11 Agustus 2012

balik ke udik

malam sebelum berangkat... kemana pun tujuannya... sulit banget ya buat tidur? :D kebiasaan baik berikutnya adalah... berbenah sampai jam terakhir! dan yang terakhir, yang terbaik adalah... selalu ada yang ketinggalan di kamar :D lengkap deh menu pra-perjalananku. alih-alih tidur lebih cepat, beres-beres tas, dan ngecek bawaan aku malah... waktu luang yang menyempit emang paling nikmat :D nulis dikit deh... :)

untuk bisa mudik, kita harus punya udik. supaya kita bisa punya udik, kita harus merantau dahulu. nah kalo di negara kita tuh yang paling heboh emang mudik-lebaran! :) saking hebohnya ampe negara-pun harus turun tangan ikut campur urusan balik-ke-udik ini. tapi apa hubungan merantau dan lebaran (= Idul Fitri) ya? :D

beberapa suku bangsa di negara kita yang maha luas dan majemuk ini terkenal dengan tradisi melakukan perjalanan jauhnya. sebagian mereka yang menempuh perjalanan jauh ini (apapun motivasinya) kemudian memilih untuk bermukim di tujuan. generasi perantau ini sudah tentu memiliki ikatan batin dengan kampung halaman (udik), perantau yang lahir di tanah udik (generasi pertama) biasanya memiliki ikatan yang paling kuat. bahkan, mereka yang "terusir" dari kampung halaman pun pasti memiliki ikatan batin "khusus." tinggal nunggu momen yang pas nih buat pulang-kampung "konvensional" :D

sebelumnya... menurut KBBI, lema "mudik" adalah sebuah kata kerja yang dipakai dalam bahasa percakapan. makna pertamanya adalah "(berlayar, pergi) ke udik (hulu sungai, pedalaman) dan kedua "pulang ke kampung halaman." (KBBI 1997). jadi, bila udik adalah hulu sungai atau awal-mula sebuah sungai atau dekat dengan sumber... maka secara sederhana kita dapat menafsirkan maknanya ke dalam konteks sosial seperti yang tercantum pada makna kedua dalam KBBI.
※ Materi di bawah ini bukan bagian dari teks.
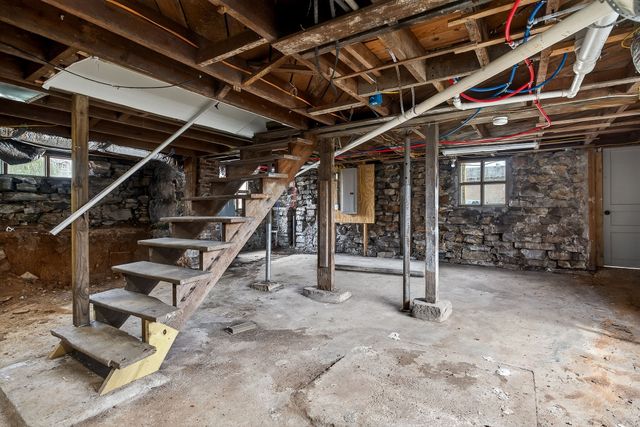 338 Clark St, Sparta, TN 38583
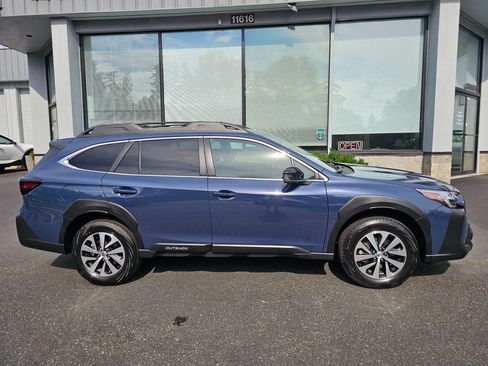 Used 2024 Subaru Outback Premium AWD/4WD image 8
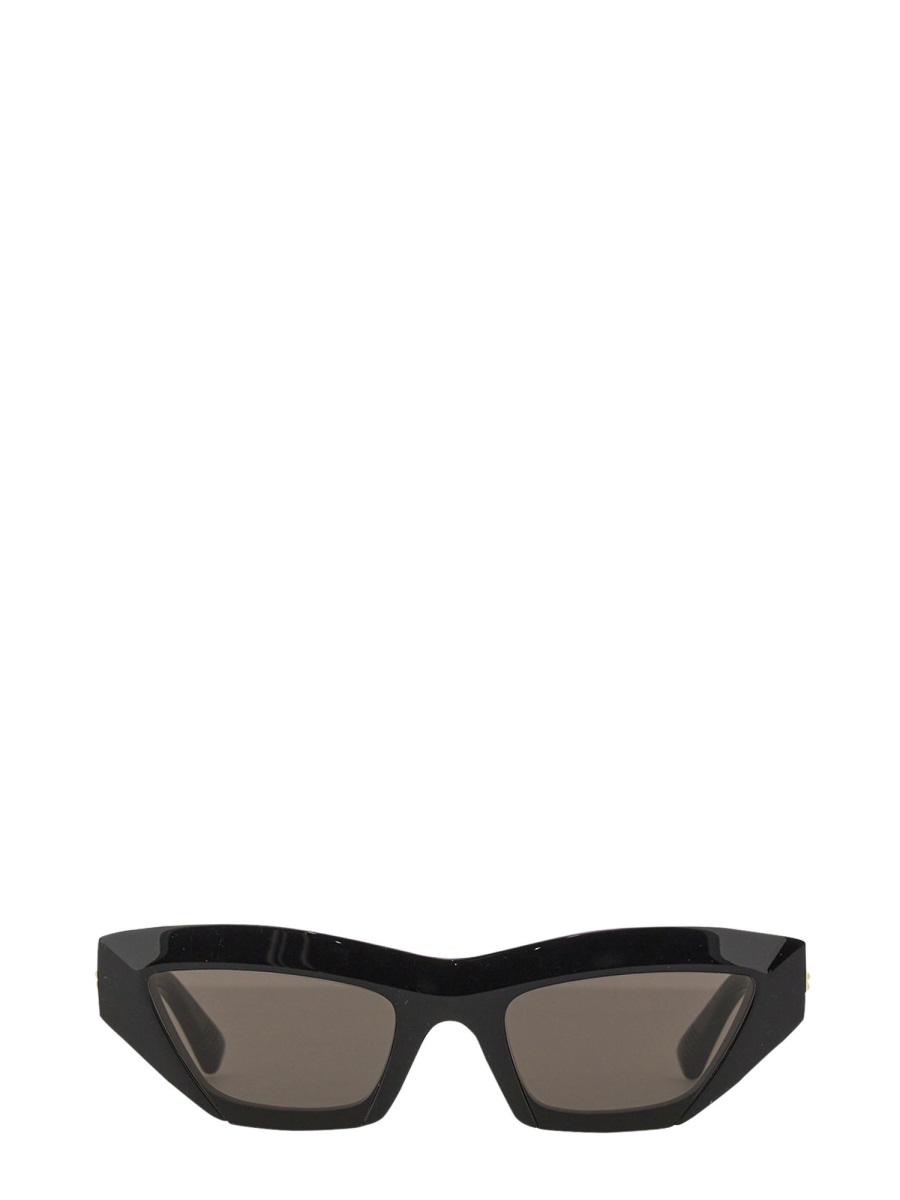 Bottega Veneta Sculptured Cat Eye Sunglasses with Glossy Finish Grijs
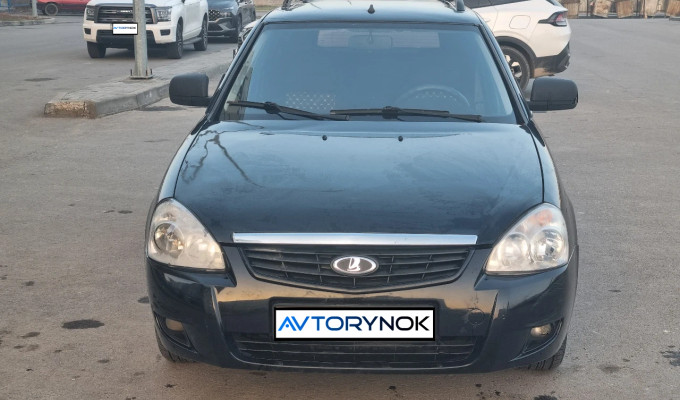 ВАЗ (Lada) Priora 2013 года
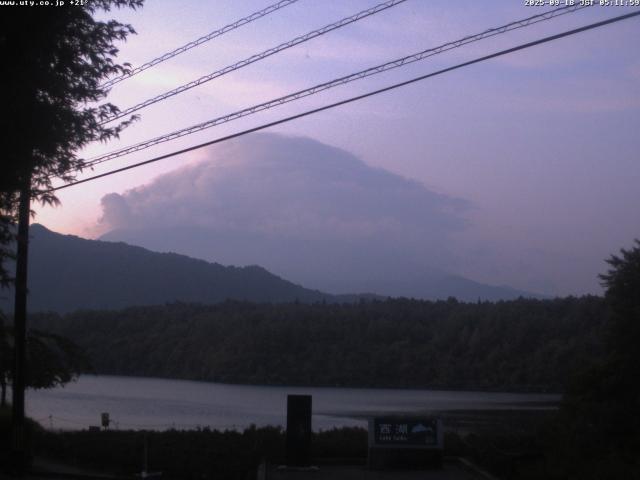 西湖からの富士山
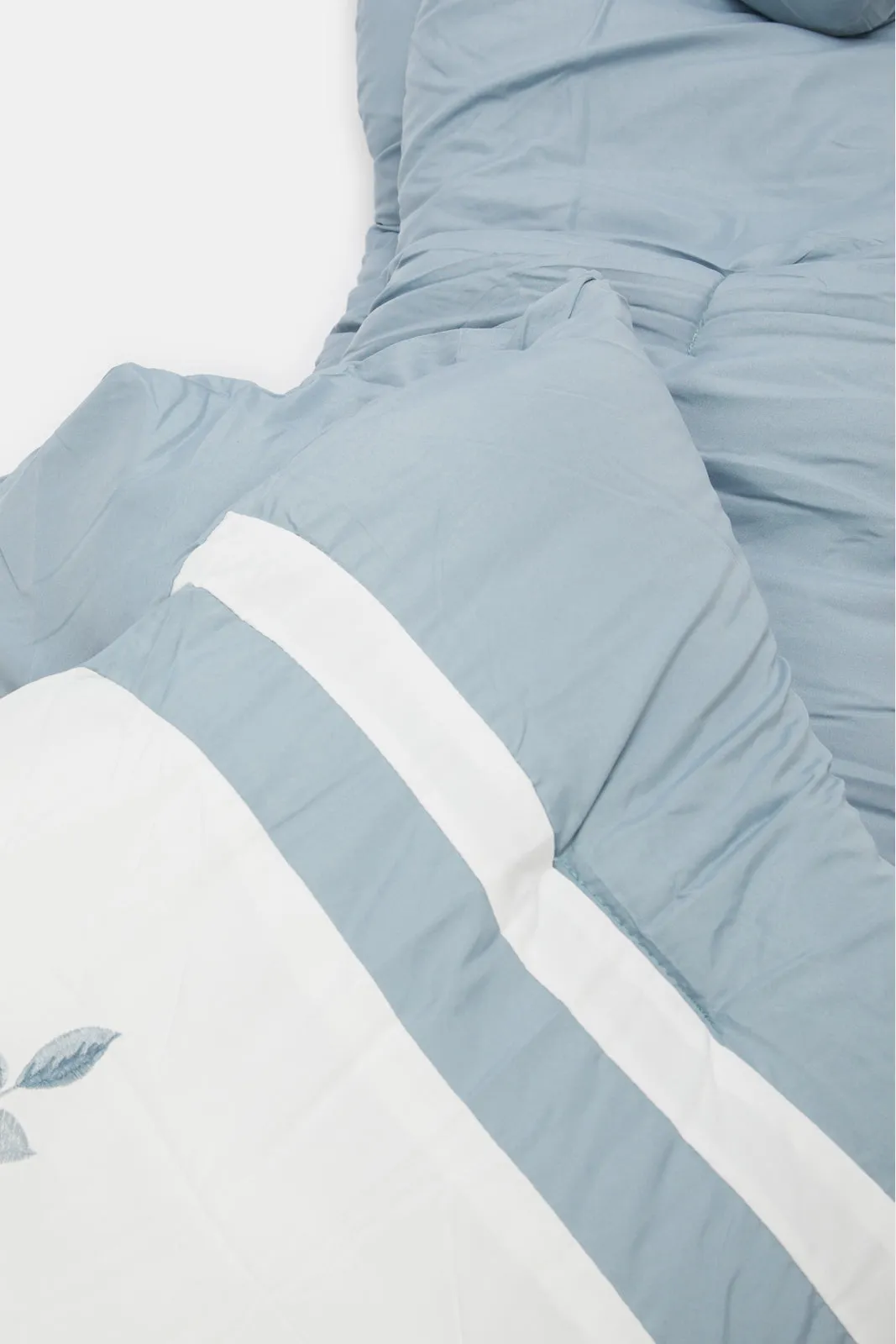 Blue And White 6 Piece Embroidery Comforter Set (King Size)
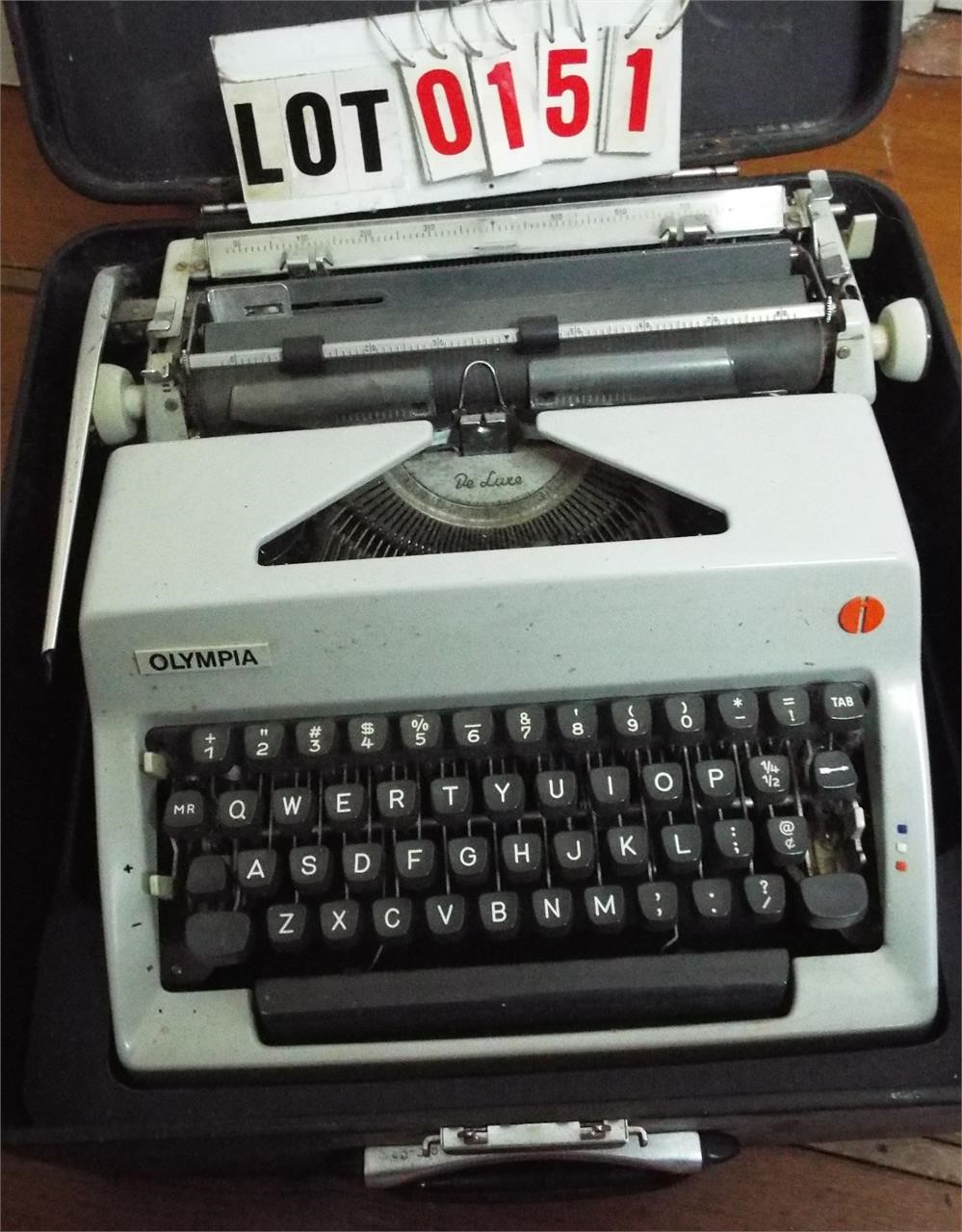 Olimpia typewriter/case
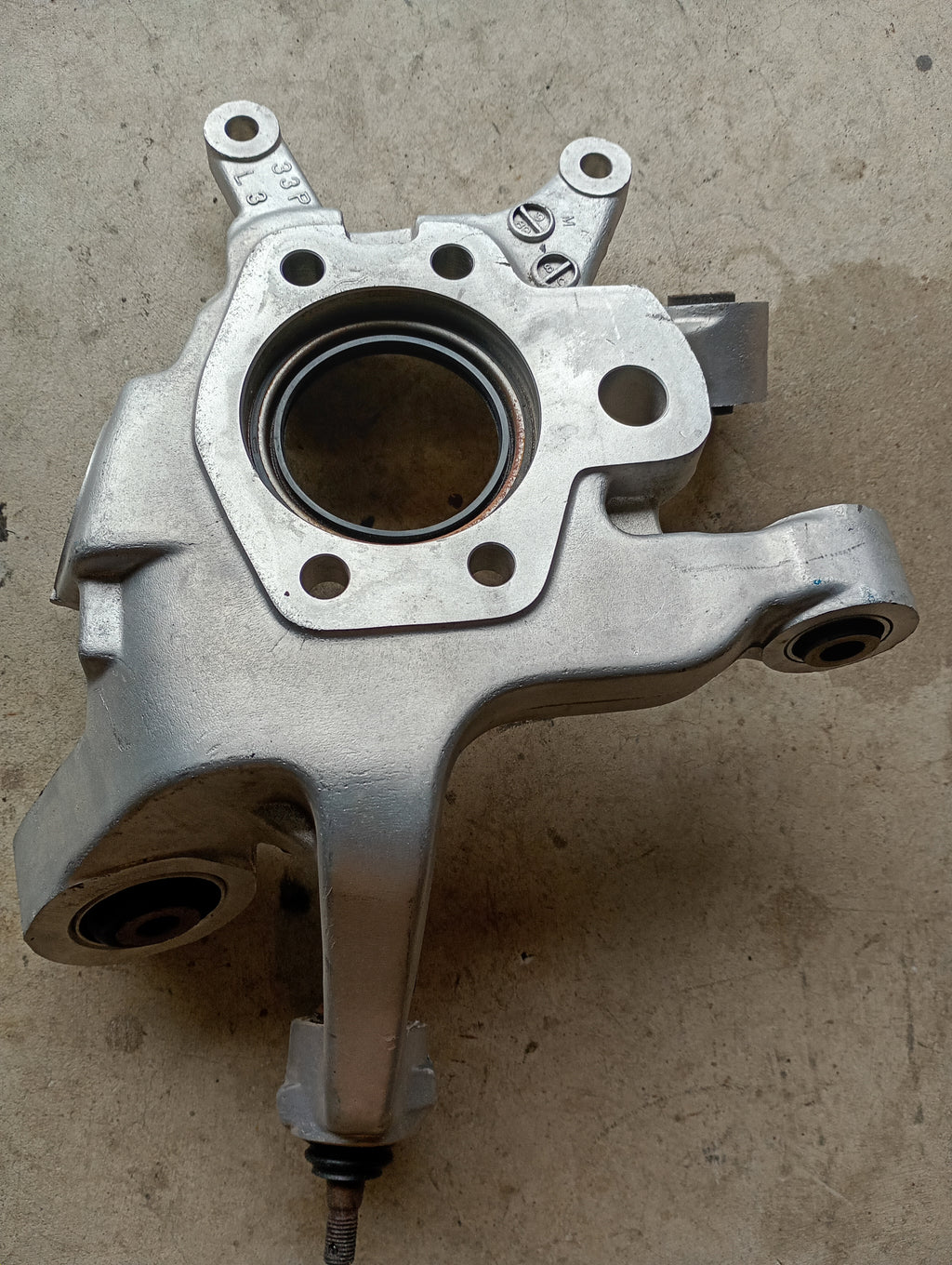 LEFT Rear Hub Carrier, R32 GTR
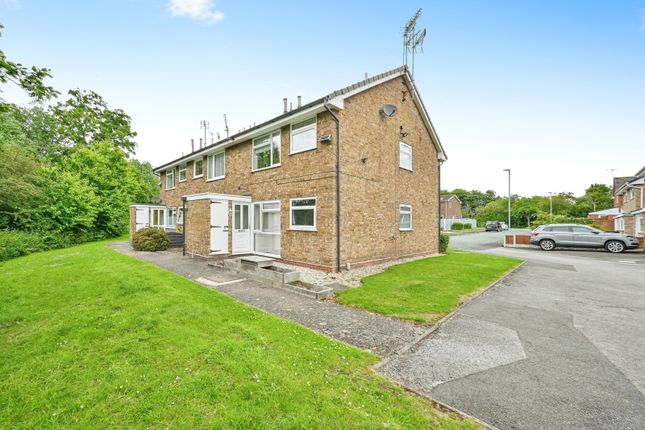 1 bed property, in Tasman Drive, £50,000
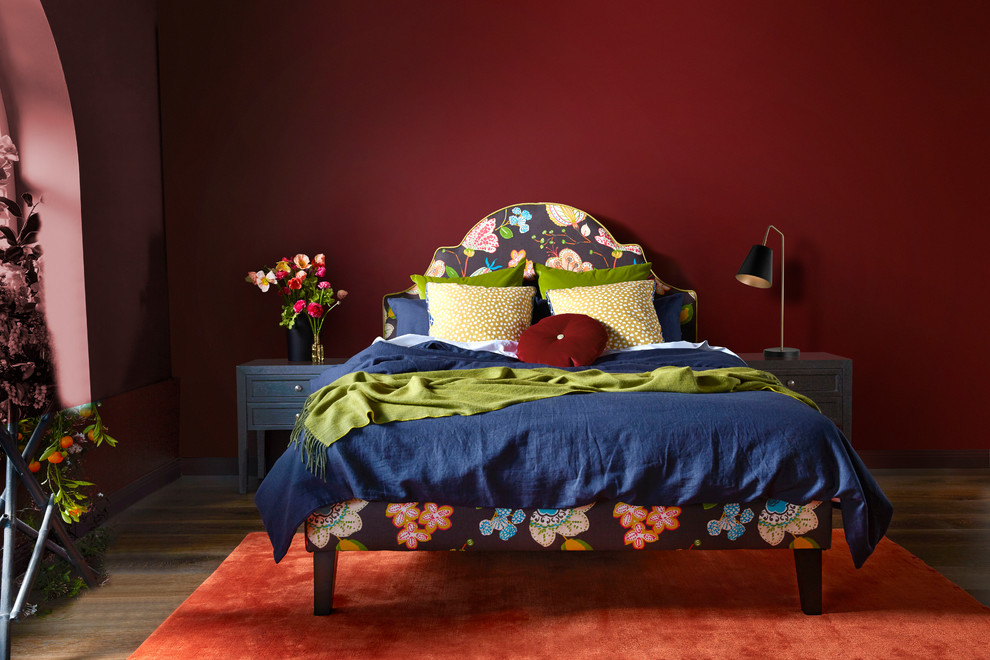 На фото: гостевая спальня среднего размера, (комната для гостей) в стиле модернизм с красными стенами и светлым паркетным полом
konon... mudik dan lebaran tuh baru kawin-mawin pada era 1970-an di negara kita ini. kata kuncinya adalah "kesenjangan." pembangunan yang terpusat di pulau jawa khususnya Jakarta membuat ibu kota menjadi megnet besar yang menarik banyak pemburu-nasib-baik dari luar daerah. dalam bahasa yang lebih umum adalah pembangunan perkotaan yang memicu urbanisasi.(sampai saat ini pulau Jawa masih jadi pulau dengan kepadatan penduduk tertinggi di Indonesia lho!). konon (lagi) manisnya gula pembangunan turut membangun harapan akan perubahan nasib bagi rakyat yang tinggal jauh dari pusat. banyak "konon" karena kalimat-kalimat dalam paragraf ini banyak berdasarkan asumsi pribadi :D

kembali ke KBBI... udik juga bermakna "desa, dusun, kampung (lawan kota)" dan kiasan yang bermakna "kurang tahu sopan santun; canggung (kaku) tingkah lakunya; bodoh." kalo menurutku potret stereotip "udik" yang cukup gamblang dan mudah banget kita amati dalam film-film lawas trio Dono-Kasino-Indro :D

karena sentuhan fisik tidak akan (atau belum bisa) digantikan oleh apapun di dunia ini... maka perantau akan bertransformasi menjadi pemudik. pemudik yang "sehat" akan banyak membawa manfaat. misalnya, mereka yang sukses di rantau dapat berkontribusi dalam investasi atau pembangunan fisik di kampung halaman. meskipun urusan pemerataan-pembangunan tentu saja tetap menjadi tanggung jawab utama pemerintah! pembangunan yang merata diharapkan dapat mengurangi ketimpangan ekonomi pusat-daerah, bagi-bagi dong manisnya gula tuh ke daerah!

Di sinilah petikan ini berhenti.